La reacción de los sectores más duros del oficialismo local ante estos nombramientos dejó al descubierto las insalvables contradicciones internas que genera el oportunismo político. Mientras los sectores dogmáticos se resisten a la apertura, la intendencia se ve forzada a implementar políticas de racionalización administrativa, reconociendo implícitamente que el único camino viable hacia el futuro es el que traza el gobierno nacional con la reducción del déficit y la desburocratización.
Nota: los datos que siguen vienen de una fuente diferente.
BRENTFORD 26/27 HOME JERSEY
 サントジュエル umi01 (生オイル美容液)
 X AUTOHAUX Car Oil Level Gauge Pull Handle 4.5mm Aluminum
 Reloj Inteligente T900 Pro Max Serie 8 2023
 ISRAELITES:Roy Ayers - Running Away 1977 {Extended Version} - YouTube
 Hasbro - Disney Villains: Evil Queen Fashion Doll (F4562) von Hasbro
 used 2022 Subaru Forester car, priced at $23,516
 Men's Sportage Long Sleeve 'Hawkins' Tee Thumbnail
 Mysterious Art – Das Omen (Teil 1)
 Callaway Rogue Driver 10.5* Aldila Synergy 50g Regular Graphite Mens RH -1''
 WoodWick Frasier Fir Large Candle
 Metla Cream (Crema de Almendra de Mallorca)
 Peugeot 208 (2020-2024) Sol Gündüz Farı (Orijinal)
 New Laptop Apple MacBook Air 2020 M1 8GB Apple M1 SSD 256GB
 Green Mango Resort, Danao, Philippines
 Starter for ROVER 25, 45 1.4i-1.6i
El camaleonismo de incorporar perfiles de ese estilo para modernizar el municipio no hace más que ratificar la victoria cultural y económica del programa de Milei, dejando en claro que el peronismo ya no tiene ideas propias para ofrecer.
El destino de este experimento de cooptación política en la capital de la provincia de Buenos Aires parece sellado por la incompatibilidad de sus componentes.
Las identidades partidarias forzadas bajo la urgencia de mantener el poder territorial rara vez logran transformarse en soluciones concretas para los ciudadanos, sirviendo únicamente como refugio temporal para la dirigencia tradicional. En una Argentina que avanza con paso firme hacia la transparencia y el mérito, el oportunismo del peronismo platense ratifica que las viejas estructuras políticas carecen de la consistencia necesaria para liderar la transformación profunda que el país ya está viviendo de la mano del oficialismo nacional.